There are two factors that are influenced by time step size and the choice of scheme: accuracy and stability.

Accuracy is typically measured by the "local error" or "consistency error" of the scheme. You want to choose your time step such that this error is balanced with a comparable error of the space discretization. That would be a good balance for accuracy.

Unfortunately, most timestepping schemes also change the dynamics of your system, which is usually subsumed under the term stability. This question goes beyond explicit or implicit. And this goes both ways: a perfectly stable solution can be converted to an explosion if you use the wrong method with a large timestep. And the opposite holds: if you use a method that is too stable, turbulent, instationary flow might be turned into honey. I know of simulations where a single backward Euler step every 100 Crank-Nicolson steps made an oscillatory solution stationary.

The terms used to categorize the dynamics of timestepping schemes are A-, L-, and B-stability. As far as I know, only the Crank-Nicolson scheme and Gauss-collocation methods preserve the essential dynamics, but even for those, certain features of your solution may be amplified or suppressed in an unphysical way, if your timestep is too large.

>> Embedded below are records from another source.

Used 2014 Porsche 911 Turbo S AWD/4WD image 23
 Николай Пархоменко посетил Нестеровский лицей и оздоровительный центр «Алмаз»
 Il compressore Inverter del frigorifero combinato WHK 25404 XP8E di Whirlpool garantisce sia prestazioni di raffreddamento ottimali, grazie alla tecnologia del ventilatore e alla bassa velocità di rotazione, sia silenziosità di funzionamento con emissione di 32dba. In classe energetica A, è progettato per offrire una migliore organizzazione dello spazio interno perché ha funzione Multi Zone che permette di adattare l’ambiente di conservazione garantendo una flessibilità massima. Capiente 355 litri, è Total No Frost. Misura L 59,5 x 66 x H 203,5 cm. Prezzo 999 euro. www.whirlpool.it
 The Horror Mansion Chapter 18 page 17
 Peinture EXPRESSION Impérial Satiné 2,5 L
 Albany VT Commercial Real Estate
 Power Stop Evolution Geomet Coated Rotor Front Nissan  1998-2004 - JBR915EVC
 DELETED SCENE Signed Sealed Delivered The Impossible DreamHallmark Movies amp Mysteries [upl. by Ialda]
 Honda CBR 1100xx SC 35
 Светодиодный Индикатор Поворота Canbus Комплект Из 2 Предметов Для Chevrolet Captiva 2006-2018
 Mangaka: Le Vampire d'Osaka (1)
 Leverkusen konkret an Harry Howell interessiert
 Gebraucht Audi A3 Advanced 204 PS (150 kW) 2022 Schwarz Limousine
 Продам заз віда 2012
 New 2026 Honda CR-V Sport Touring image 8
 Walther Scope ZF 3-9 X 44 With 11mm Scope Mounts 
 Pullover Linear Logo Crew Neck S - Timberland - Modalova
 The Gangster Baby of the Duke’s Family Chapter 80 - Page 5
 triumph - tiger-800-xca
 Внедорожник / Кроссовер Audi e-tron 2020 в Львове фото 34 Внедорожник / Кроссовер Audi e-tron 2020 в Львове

If you want to be able to predict these effects, you have to know your scheme. Else, you are stuck with test examples, or with computing everything with at least two time step sizes


It is really important! If you do not have an appropriate time step, you can not achieve mesh independence.

Use my personal experience: I investigate CFD of fluid-structure interaction using FEM. I was trying to do the mesh independence study to make sure that mesh does not affect the accuracy of my simulations. However, when I refine the mesh, the simulation results even diverges further. At last, I figured out that I forgot to adjust my time step accordingly.

When you reduce the size of element, you are recommended to reduce the time step correspondingly. Otherwise, you may have trouble.

Also, if you got time and computational resources, you may just run some test cases to see how the $\Delta t$ affects your specific cases, which I think should be the most reliable method.